Case Study 28.2: Member Failure Recovery — A Saturday Night Story
Background
Pacific Trust Bank operates a 3-member DB2 data sharing group (PTB1, PTB2, PTB3) on two z15 CPCs. The group processes online banking, ATM transactions, and wire transfers 24/7. On a typical Saturday evening:
- PTB1 handles 4,000 TPS from CICS online banking
- PTB2 handles 2,500 TPS from ATM and mobile app transactions
- PTB3 is running the weekly settlement batch, updating 8 million loan accounts
The on-call DBA is Sarah Chen. Her pager goes off at 9:47 PM.
The Incident
9:47 PM — Alert Fires
Sarah's monitoring system generates a critical alert:
CRITICAL: DB2 member PTB2 - XCF group membership lost
CRITICAL: Retained locks detected in PTBGRP_LOCK1
WARNING: GBP0 castout owner change for 12 pagesets
Sarah logs into the operations console from home and begins assessment.

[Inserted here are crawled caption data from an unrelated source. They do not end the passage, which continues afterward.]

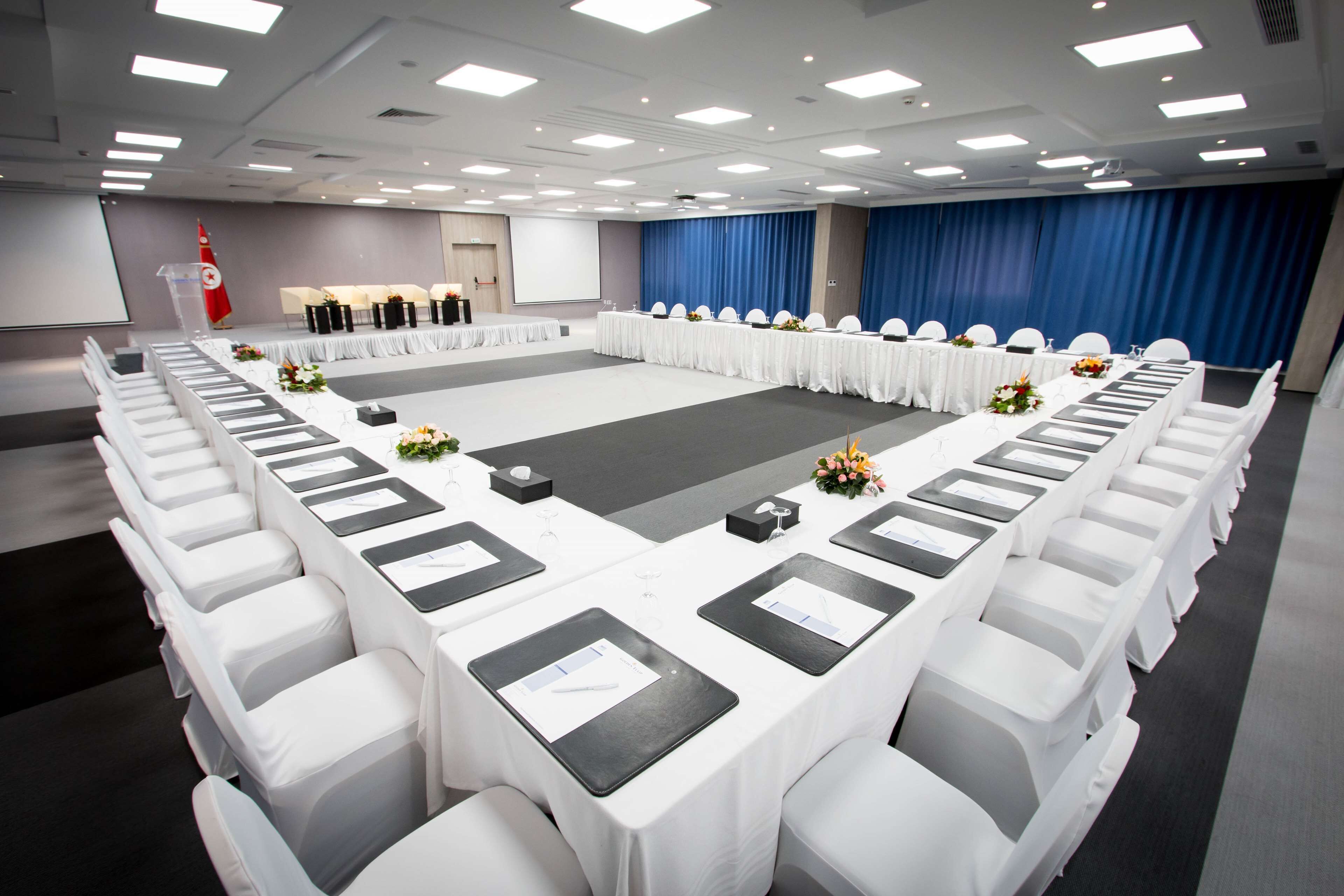 A conference room with a long table, white chairs, and a stage with a podium.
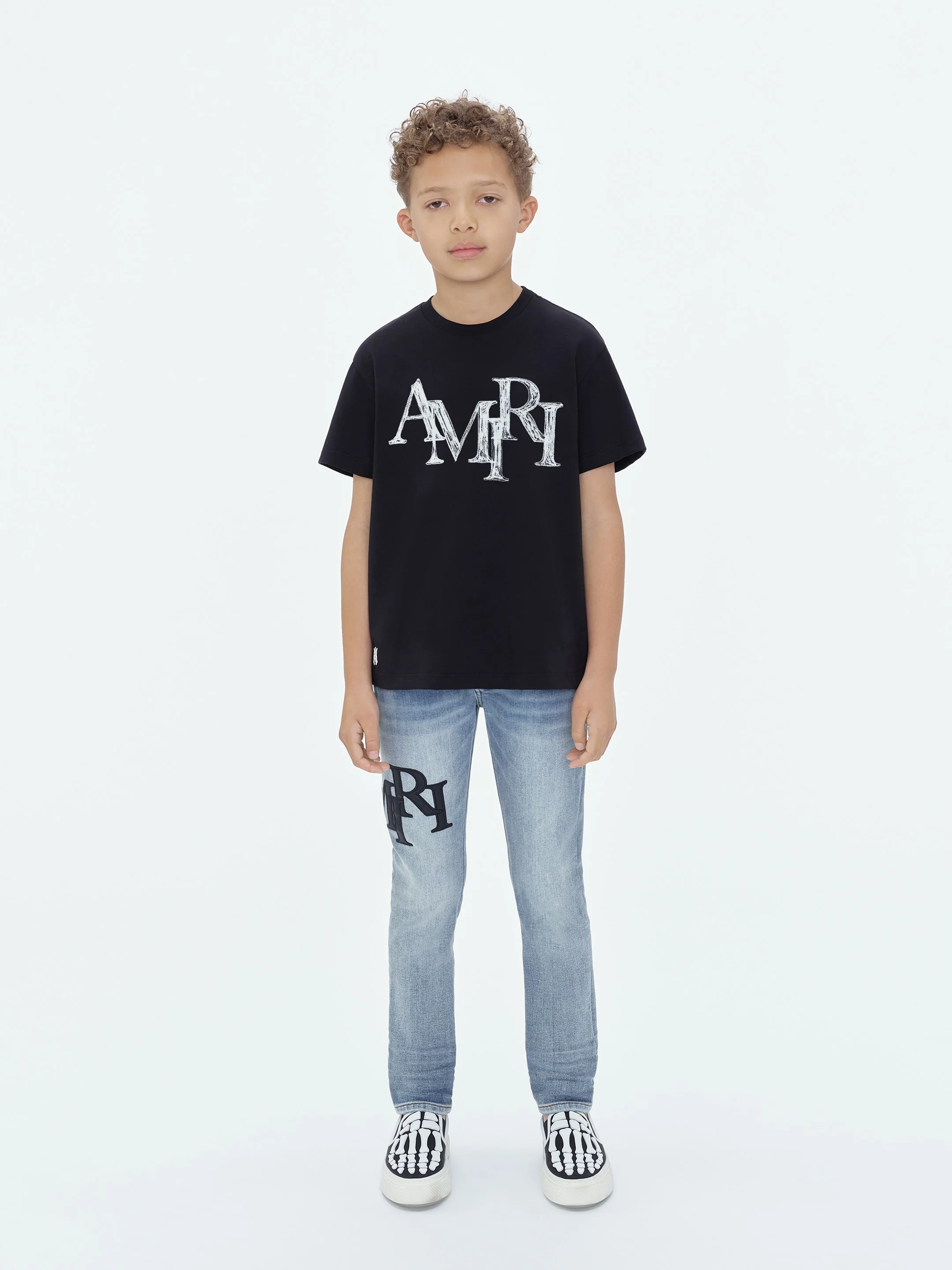 4273-kids-amiri-staggered-scribble-tee-black-1.webp KIDS - AMIRI STAGGERED SCRIBBLE TEE - Black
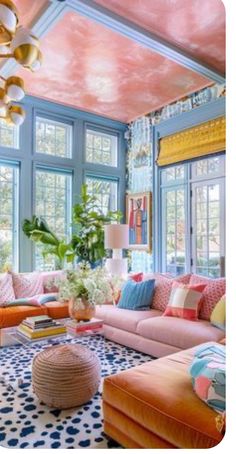 a living room filled with lots of furniture and large windows covered in colorful paint on the ceiling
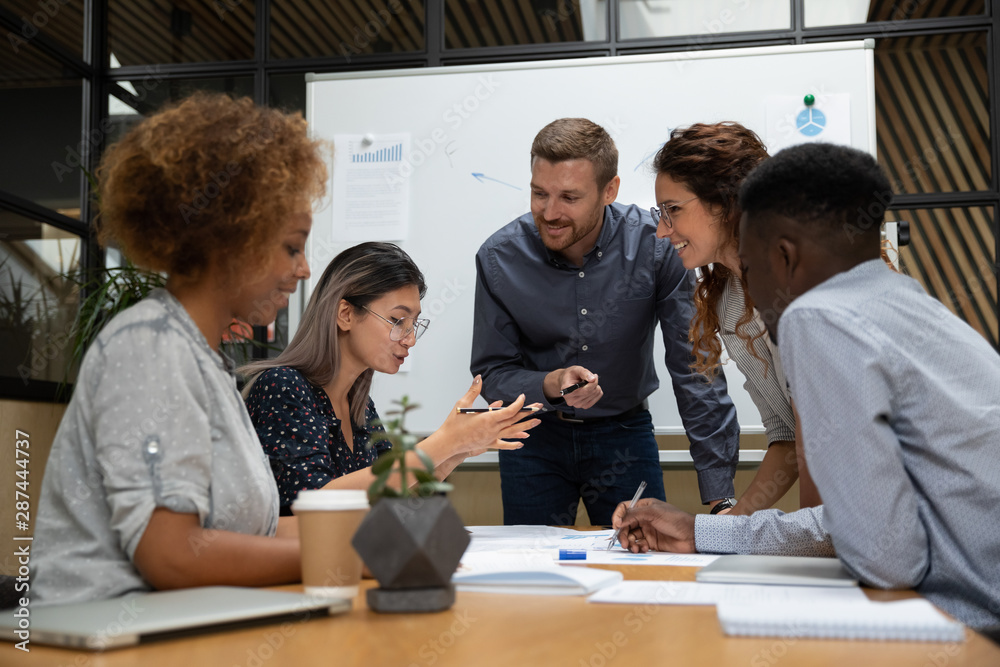 Asian employee telling idea multiethnic project team at office meeting Asian employee telling idea multiethnic project team at office meeting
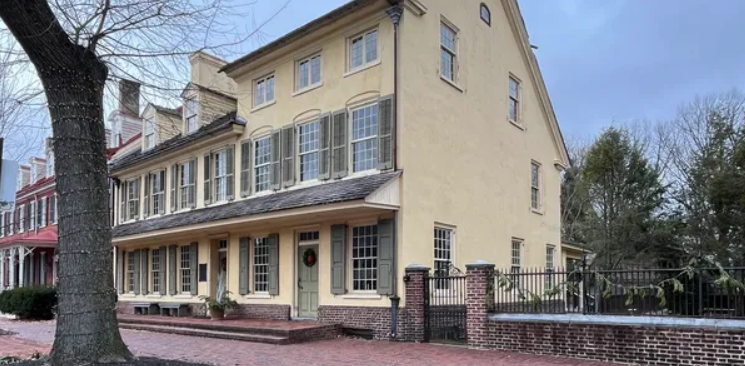 This image shows the exterior beige with olive green shutters building of the Indian King Tavern Museum.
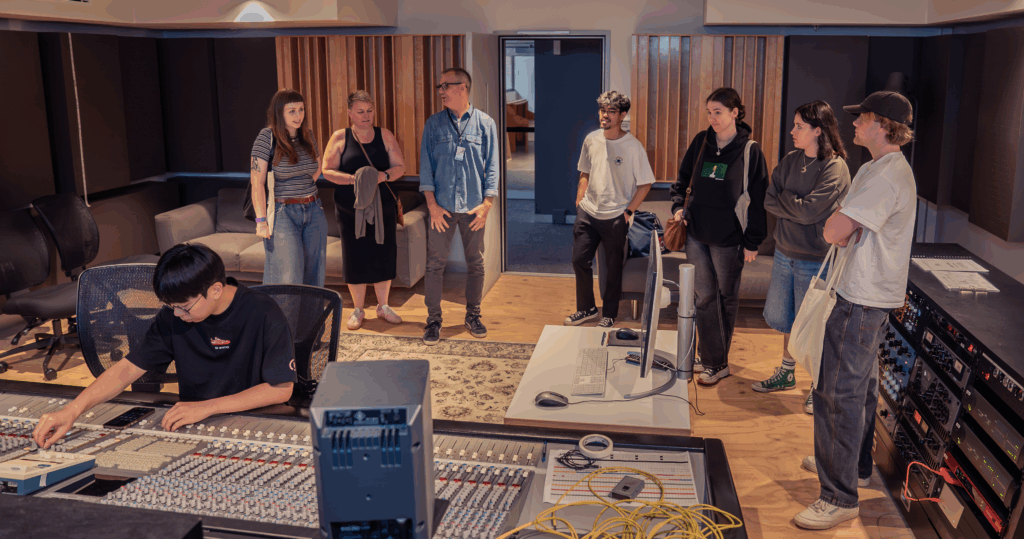Students and parents in a recording studio.
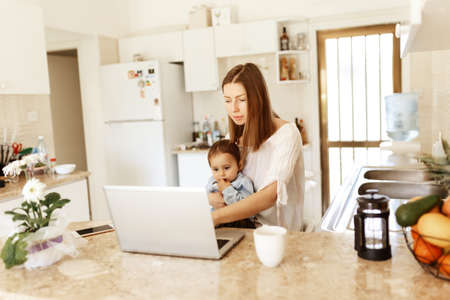 Focused baby boy holding moms hand and trying to walk at home. Full length. Parenthood and childhood concept.の写真素材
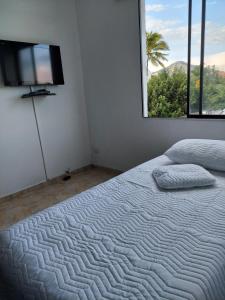 Снимка в галерията на Apartamento a 2 cuadras del estadio. в Кали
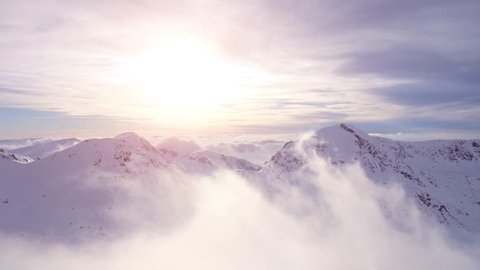 Aerial Drone Flight Over Mountain Range Through Clouds At Sunset Morning Mist Sun Light Flare Sunrise Beauty Inspiration Religion Worship God'S View Concept UHD 4K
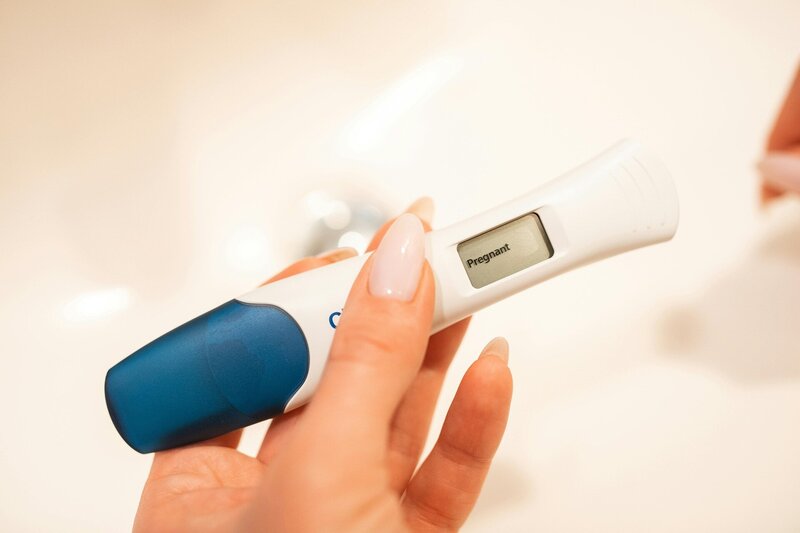 Woman holding pregnancy test in her hand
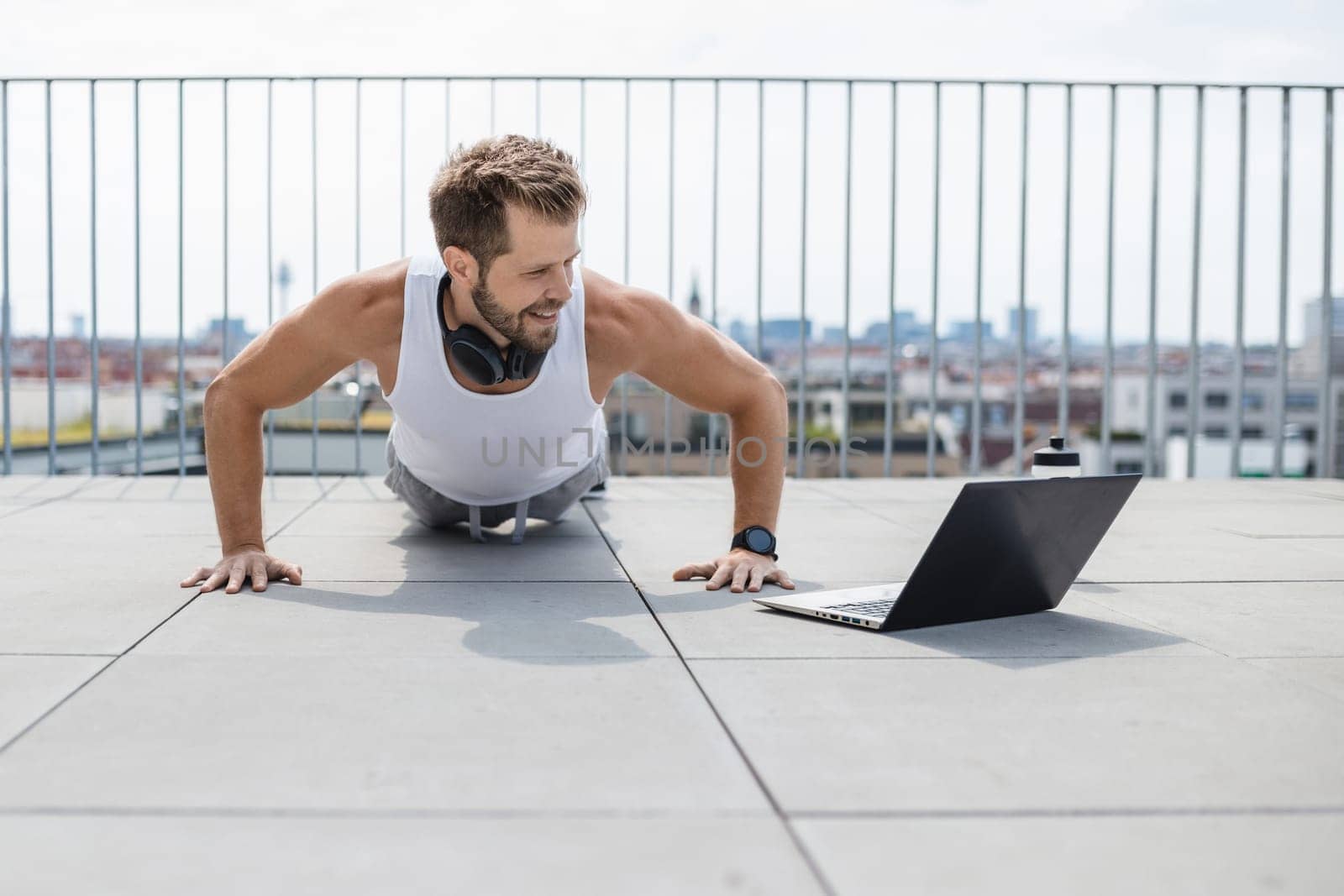 Handsome young man training and working out outdoors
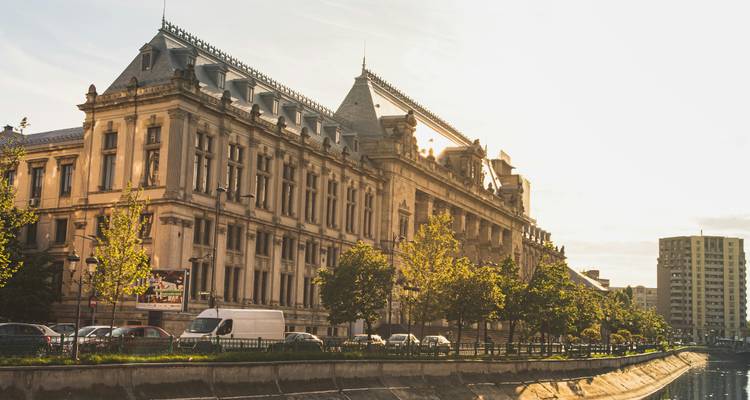 Elegant historic building along a canal in warm late afternoon light in Bucharest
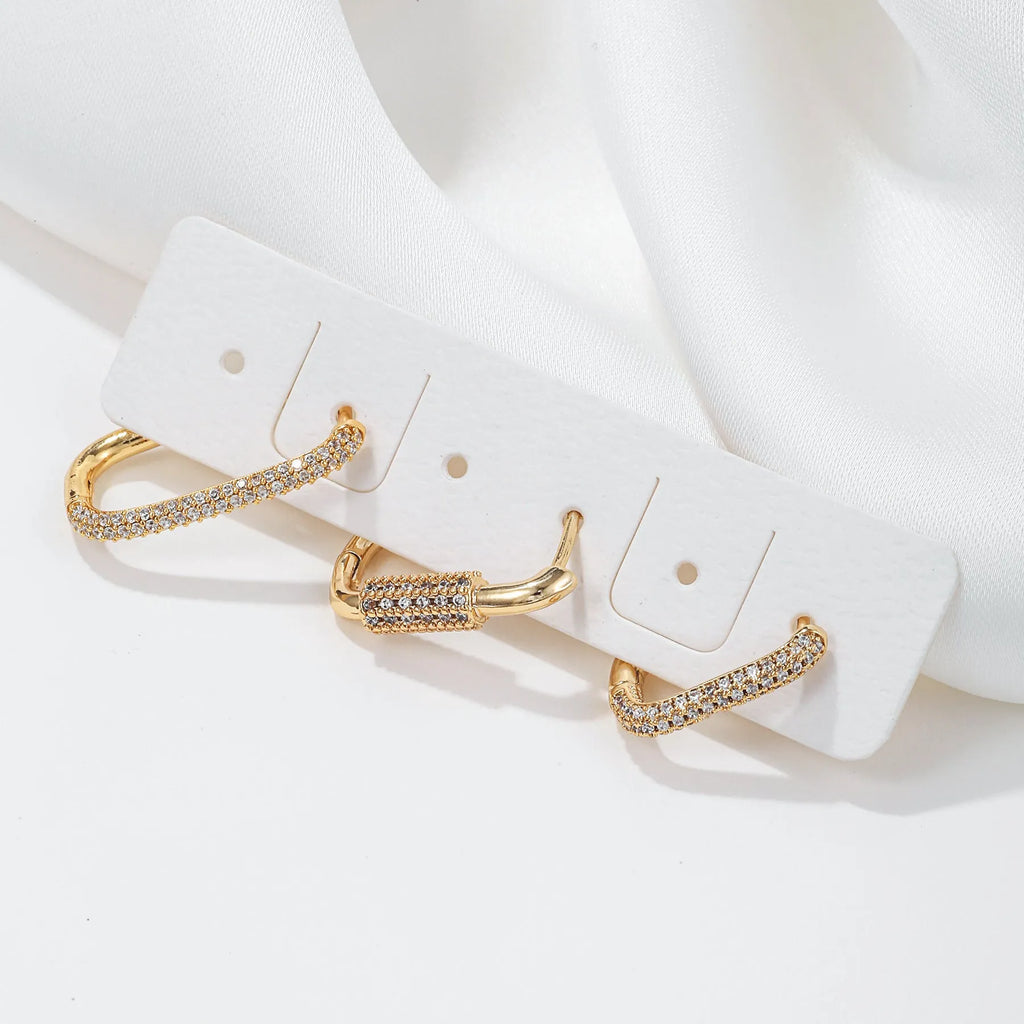 Three geometric copper earrings with zircon micro inlay in clip-on design showing ellipse and quadrilateral shapes
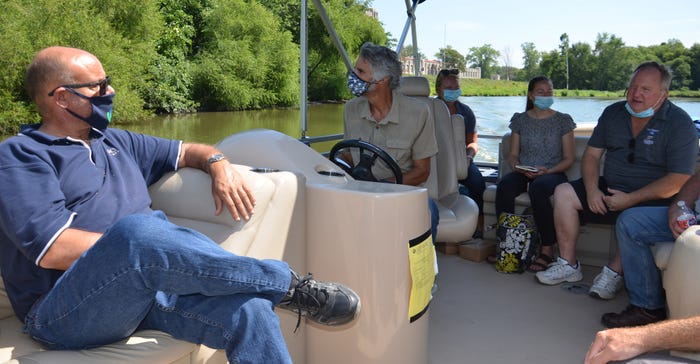 Dan Wire pilots a boat on the rivers through downtown Fort Wayne, Ind., carrying guests from the Natural Resources Conservati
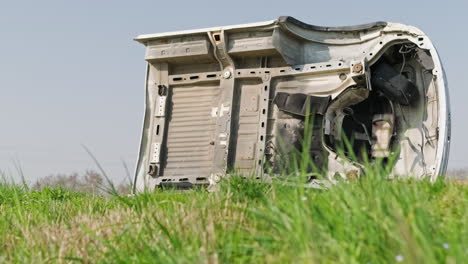 White-Cabin-Of-A-Broken-And-Abandoned-Van-In-The-Grass-Field-On-A-Sunny-Day---medium,-slider-right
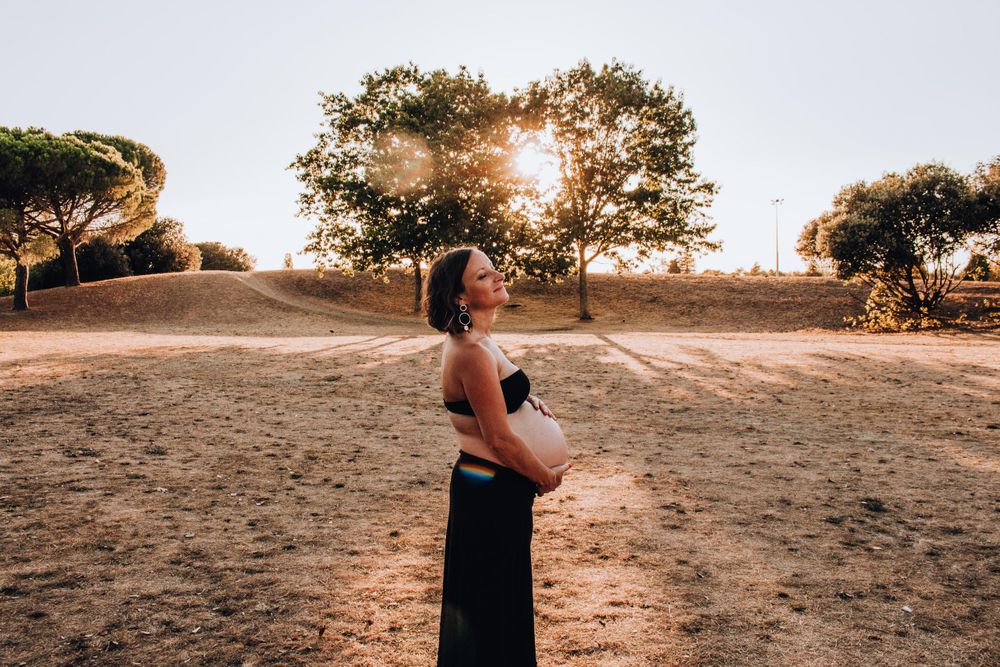 A side profile silhouette against a golden sunset with trees in the background.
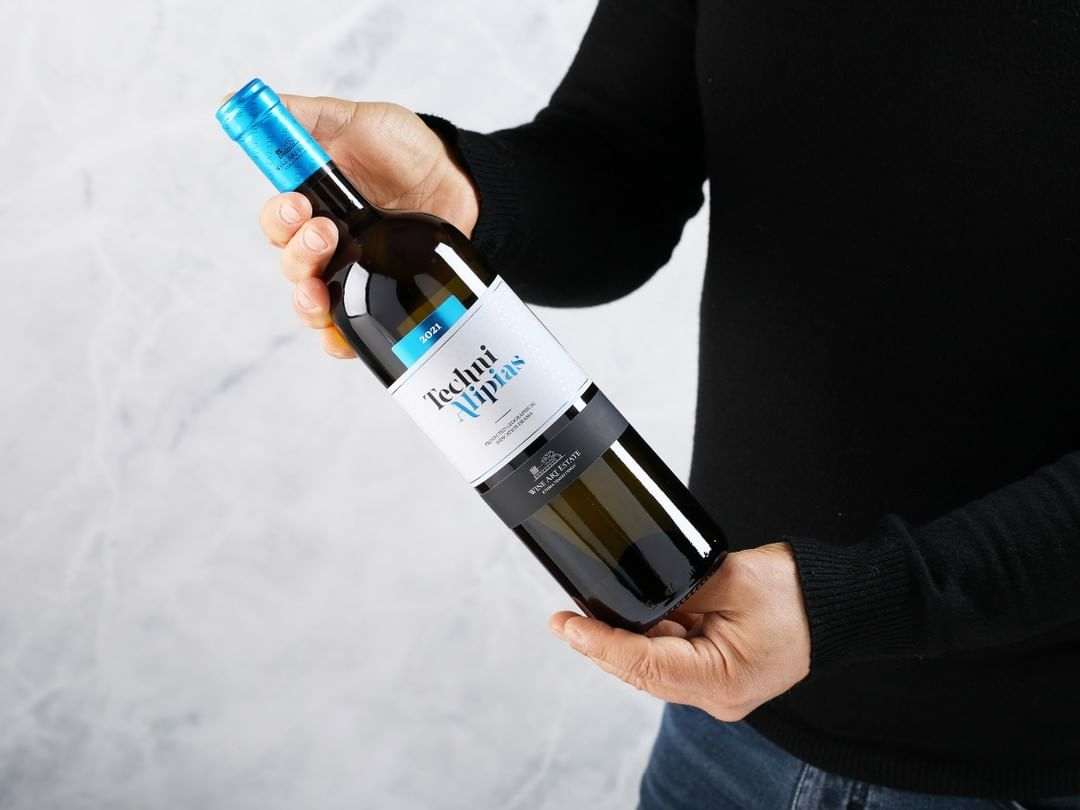 Mann hält Techni White Weißweinflasche aus Drama PGI, 2024er Jahrgang, Sauvignon und Assyrtiko, 13% Vol.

9:48 PM — Initial Assessment
Sarah runs the following commands from PTB1:
-DB1A DISPLAY GROUP
Output:
DSNL100I -PTB1 DSNLTRMG - CURRENT GROUP LEVEL IS V13
MEMBER SUBSYS STATUS CMDPREF
------ ------ -------- -------
PTB1 PTB1 ACTIVE -PTB1
PTB2 PTB2 FAILED -PTB2
PTB3 PTB3 ACTIVE -PTB3
PTB2 has failed. The z/OS operations team confirms that the LPAR running PTB2 experienced a hardware fault — a memory board failure caused a machine check, and the LPAR terminated.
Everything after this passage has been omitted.